Criminology Research Council grant ; (4/78)

The grant for this study was made in 1978 to Professor Ronald Henderson in his capacity as Chairman of the Volunteer Resource Centre, a body established by the Victorian Council of Social Services. The research was undertaken by Mr M. Dumais who then held the position of Director of the Centre.

The actual research was largely undertaken in the late 70s, a time when volunteerism was undergoing rapid change. At that time the development of welfare and correctional services were leading to probation being seen less as a remedial program and more as a community-based service. The study reflected these changes and highlighted a form of volunteer activity which had a clear community service role while at the same time provided for the personal growth of the individuals involved.

The aim of the project was to determine the relative health of the honorary probation officer system in Victoria. The study concentrated on the providers of the service and their understanding of the objectives of probation. It did not ascertain whether those objectives were relevant or whether they were achieved. The study was conducted more in a spirit of organisational development than of pure research.

The basic information was obtained from questionnaires completed by 470 honorary and 54 stipendiary probation officers as well as 18 regional superintendents, and a series of structured workshops were conducted. One product of the project was a manual for program coordinators which aimed to increase the effectiveness of honorary probation officers. This manual is appended to the final report of the project.

The study found that there was a lack of clarity at all levels as to what probation was meant to achieve, and there was confusion about who was meant to do what for whom. There was also a lack of documentation on the effectiveness of probation services. These problems were found to be exacerbated by the restructuring of the Department of Community Welfare Services that also occurred at that time.

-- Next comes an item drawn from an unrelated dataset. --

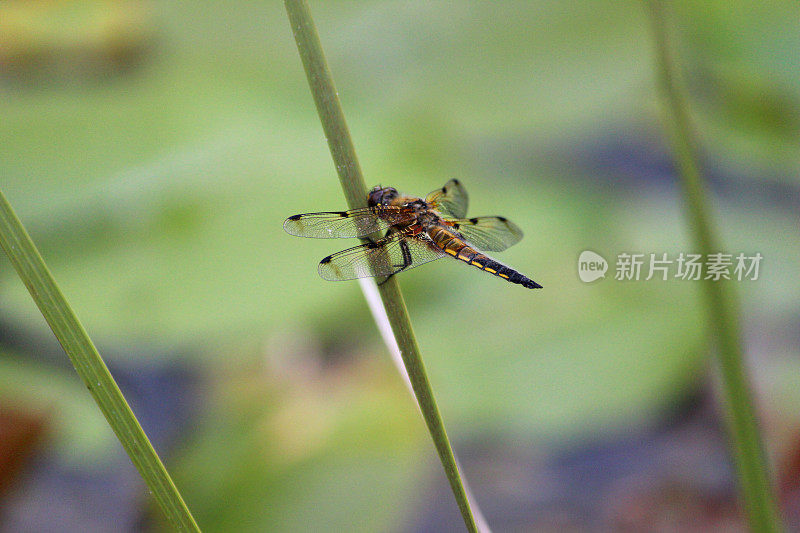 英国褐蜻蜓图像/普通蜻蜓/四斑蜻蜓(Libellula quadrimaculata)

Throughout the course of the study it was found that there was a great deal of willingness to explore and discuss these issues in a constructive manner. The role of the Probation Officers Association of Victoria was seen as central to the achievement of needed change. Since that time other changes have occurred, most notably the establishment of a separate Office of Corrections. The lessons learned from this study are still relevant to the use of volunteers within the new structure, but further research would be needed to establish whether or not all of the conflicts have been satisfactorily resolved.